Depuis qu'il est devenu président de région, Xavier Bertrand a démissionné de son poste de député et de maire de Saint-Quentin. Deux mandats qui lui assuraient un revenu mensuel d'environ 7200 euros net par mois. En n'étant plus que président du conseil régional, il ne gagnerait que 4300 € par mois. Mais l'élu Les Républicains n'a pas complètement abandonné toute idée de cumul. Il est resté conseiller municipal de sa ville (ce qui ne lui rapporte pas d'argent) et a du coup pu conserver son poste à la communauté d'agglomération.Ce dernier poste lui permet donc de gagner 4000 euros bruts, 2300 euros net. Si on y ajoute son salaire de président de région, cela fait environ 6725 € net. Résultat : il gagne environ 500 euros de moins par mois qu'avant comme le montre cette infographie réalisée par ses amis (et publiée sur son compte Twitter) pour tenter d'éteindre un peu la polémique. Attention, les chiffres ci-dessous sont nets.

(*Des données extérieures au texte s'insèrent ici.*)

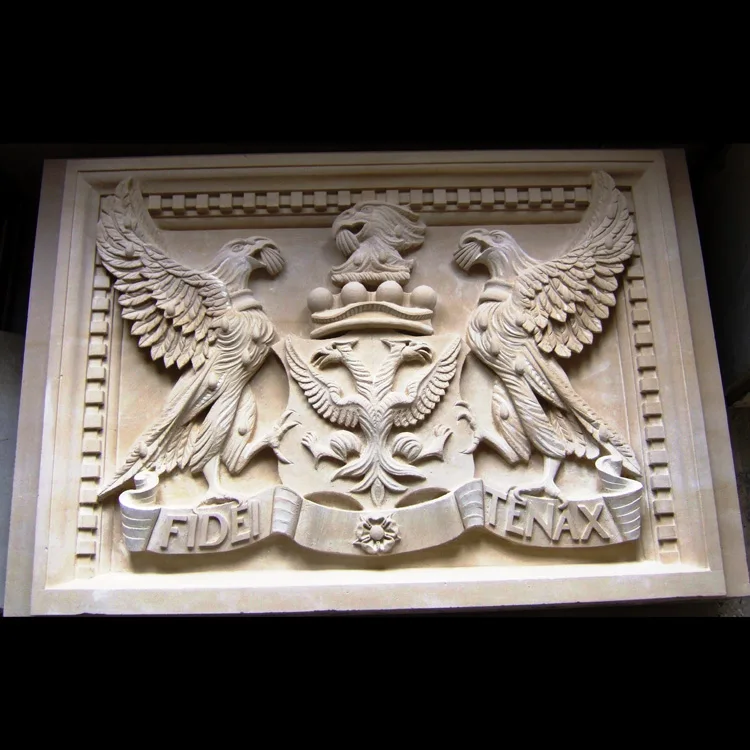 
Professional factory carving stone eagle animal wall relief sculpture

Ethique, communication et droit : tout le monde y retrouve-t-il ses petits ?
Sur le plan éthique, cette augmentation, parfaitement légale, pose évidemment question. D'autant que Xavier Bertrand a beaucoup communiqué sur le « Plus rien ne sera jamais comme avant ». Si vous aviez cru comprendre lorsqu'il a annoncé qu'il ne serait plus député-maire que le nouveau président de région n'allait se consacrer qu'à un seul mandat et en assumer les conséquences financières, vous aviez mal compris. L'arrangement pour ne pas trop perdre d'argent tout en cumulant a évidemment des relents de ficelle politicarde. Garder vraiment un seul mandat, s'y consacrer vraiment et ne toucher qu'une seule indemnité, ce n'est pas encore pour maintenant. D'autant qu'un de ses proches, Gérald Darmanin, a fait un peu le même calcul en récupérant une indemnité de 3 783 euros en tant que maire de Tourcoing.«Non-cumul ne doit pas dire paupérisation des élus», justifie un proche d'un candidat à la primaire de la droite dans Libération. "C’est pratique la politique : on peut adapter son revenu à sa situation", écrit ironiquement le même journal. "Parce que je fais de la politique, je ne peux pas être sincère ? Parce que je fais de la politique, je suis forcément quelqu’un qui va chercher à améliorer sa situation ? Mon Dieu, si je voulais faire du pognon, je ferais autre chose que de la politique", ajoute Xavier Bertrand. "Je demande une chose, c’est qu’on arrête de me faire passer pour un pourri. C’est pas parce que je fais de la politique que je suis un puching-ball." Le débat est ouvert.